Walking into the hide at Upton Warren was rewarded immediately as a flock of 5 RINGED PLOVER were feeding on the waters edge, apparently having only just dropped in a few minutes previously. After only 10 or so minutes the flock of 5 took to the air and flew off north, Vis-mig in action!

However, the real reason for me dropping in was to get my 'fix' of one of my favorite Gulls, a stunning 2nd summer MEDITERRANEAN GULL, which was showing fairly well the entire visit, strutting its stuff around one of the main islands. As always with these early summer Meds, it was very aggressive towards the breeding BHG, and as you will see in the video's, it spent much of its time displaying and calling loudly to any  of its Black-headed companions that got too close!

In my mind, Med Gulls are one of the most stunning of the Gulls, with that stunning blood red bill, jet black hood and clown 'eyelids'. The particular attraction with 2nd summers being the alternating black and white pattern on the primarys. This particular bird had little black in the pattern, giving a very adult like look, particularly in flight.

A stunning bird right!
Just wait until the fresh autumn juveniles start appearing in your local roosts, those are equally stunning!

Friday, 21 June 2013

Some fill in's

A single Common Tern was showing, and that was the only real bird of note.

The patch was slightly more interesting, with a singing male Garden Warbler around one of the usual territories at the north end of the patch and also 2 drake Mandarin on the river.

Unseen by me, it seems like both Mandarin and Goosander have bred on, or very near patch this year, with both having been seen with very young chicks, however still to this day i have not had a sniff of any of them!

Very glad to finally year tick Little owl at a local site, and we had decent views of one of the birds sitting out on the tree. A Red-legged Partridge was also seen in the nearby fields.

Monday, 17 June 2013

#TheMidlandersAreComing Part 2

Once we had our fill at the two Breckland sites, we decided to head North, with our destination being Titchwell RSPB.
On the way however, we were distracted occasionally. A brief stop around a small pool in the middle of a country field resulted in a Common Sandpiper, Oystercatcher, Yellowhammer and Shelduck.
Our next stop resulted in a shout from one of our group of "Partridge". Naturally, we stopped, however it proved to be 'only' a Red-Legged. Nice views of Hare's were had here also. Moving onward again, we stopped at some pig fields, where a large flock of 30c 1st summer Common Gulls were present, and a drive past of a town pond resulted in a pair of Egyptian Goose.

By this point, a journey that should have taken around an hour was nearing double that, but a couple of Red-Legged Partridge running along the road prompted another stop, which proved to be the 3rd lucky decision of the day.
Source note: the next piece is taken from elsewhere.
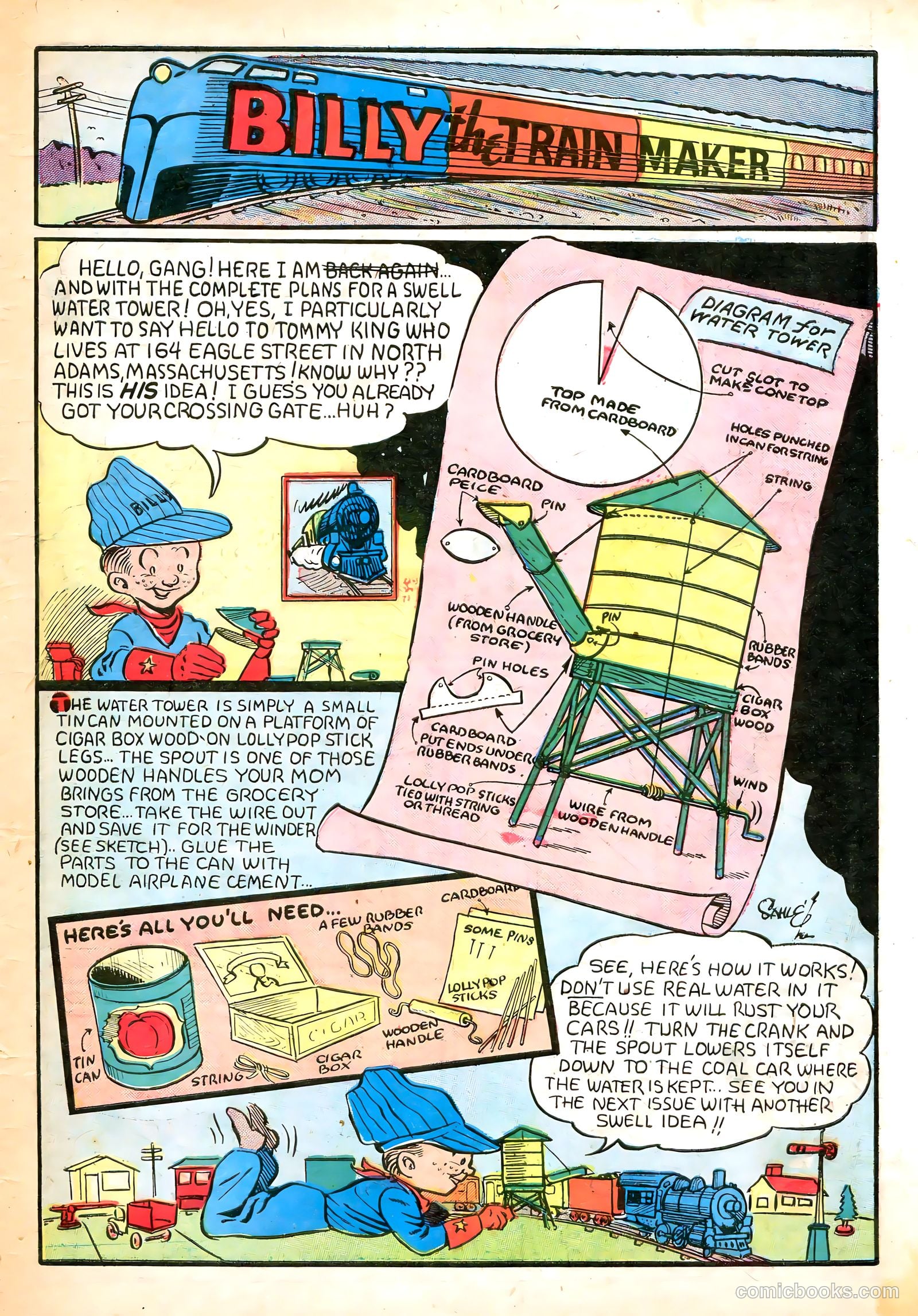 Masked Marvel #3 (1940) — page 59 of 66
Jumping out of the car we spied a small pool, which we decided to have a quick look at, and in doing so two small Doves flushed out from the Hawthorn and Gorse. A brief view got us interested, as a very obvious brown tinge could be seen on the birds upperwings, but they dropped down again. A short time passed and they flew up again, confirming the suspicion that we were watching a pair of TURTLE DOVE!
Our 'quick stop' plan was abandoned as we enjoyed flight views of these birds before they flew to the opposite side of the field. And while searching for them again, we went on to find 3 GREY PARTRIDGE along the same field edge! Awesome, both of our targets from the same field! 4 Red-legs were also present, as was Oystercatcher, 3 Shelduck and 2 Greylags.

Then it was onto Titchwell. We arrived during a massive rainstorm so retreated to the Cafe before heading out.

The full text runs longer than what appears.